Gas-Oil Ratio and Regulatory Classification
Whether a borehole is reported as an oil well or a gas well in the WCSB hinges on its producing gas-oil ratio, measured in cubic metres of gas per cubic metre of oil. The AER applies a threshold historically set near 3,000 m3/m3, about 16,800 scf/bbl, above which the well is classed as gas. This is not mere paperwork: oil wells and gas wells face different royalty formulas, different allowable production limits, and different conservation obligations for flaring and venting under Directive 060. As a flush-production oil well depletes and its reservoir pressure drops below the bubble point, dissolved gas comes out of solution, the GOR climbs, and a well first reported as oil may eventually be reclassified, changing how its volumes are reported, royalty-assessed, and conserved.

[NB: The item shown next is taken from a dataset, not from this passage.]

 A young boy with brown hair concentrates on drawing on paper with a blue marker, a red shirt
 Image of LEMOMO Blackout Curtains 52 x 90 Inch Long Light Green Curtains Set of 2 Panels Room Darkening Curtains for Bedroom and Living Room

Water Cut and the Economic Limit
Water production is the silent economics killer of mature oil wells. A Viking or Cardium well may produce clean oil early, but as edge water or a waterflood front reaches the wellbore, water cut climbs steadily, often exceeding 90 to 95 percent late in life. Every barrel of water must be lifted, separated, treated, and disposed of, usually by injection into a deep disposal zone at a cost of several Canadian dollars per cubic metre. When the revenue from the shrinking oil fraction no longer covers the lift power, chemical, water-handling, and surface operating cost, the well reaches its economic limit. At that point the operator either recompletes to a fresher zone, converts the well to injection or disposal, suspends it, or proceeds to plug and abandon it under Directive 020.
Fast Facts
The Leduc No. 1 discovery well near Edmonton, brought in by Imperial Oil on February 13, 1947, launched the modern WCSB oil industry and produced for over a decade before being abandoned in 1974. Across its life a typical conventional oil well may recover only 5 to 30 percent of the oil originally in place, leaving the majority stranded, which is precisely why enhanced recovery, waterflooding, and increasingly tight-oil horizontal drilling have become the defining technologies of basin development.
Related Terms
An oil well connects to many adjacent concepts across the production lifecycle. Associated gas is the natural gas co-produced with crude and subject to conservation rules. Water cut measures the rising water fraction that drives a well toward its economic limit, while gas-oil ratio determines whether a borehole is classed as an oil or gas well. Artificial lift sustains production once natural flow ceases, and decline curve analysis forecasts the falling oil rate that ultimately ends the well's commercial life.
Real-World WCSB Scenario: A Cardium Horizontal at Pembina
A producer drills a 1,600 m horizontal oil well into the Cardium at Pembina near Drayton Valley, completing it with a 30-stage slickwater fracture treatment at an all-in drill, complete, and equip cost near $4.5 million CAD. The well comes on at 420 barrels of oil per day with a 6 percent water cut and a modest gas-oil ratio, paying back its capital within roughly fourteen months at prevailing WTI and Edmonton Par differentials.
By year five the well produces 70 barrels of oil per day at a 78 percent water cut, with rising associated gas as reservoir pressure falls. The operator installs a larger rod-pump lift system and a produced-water disposal tie-in, extending economic life several more years before the rising water-handling cost finally pushes the well to its economic limit and a future Directive 020 abandonment.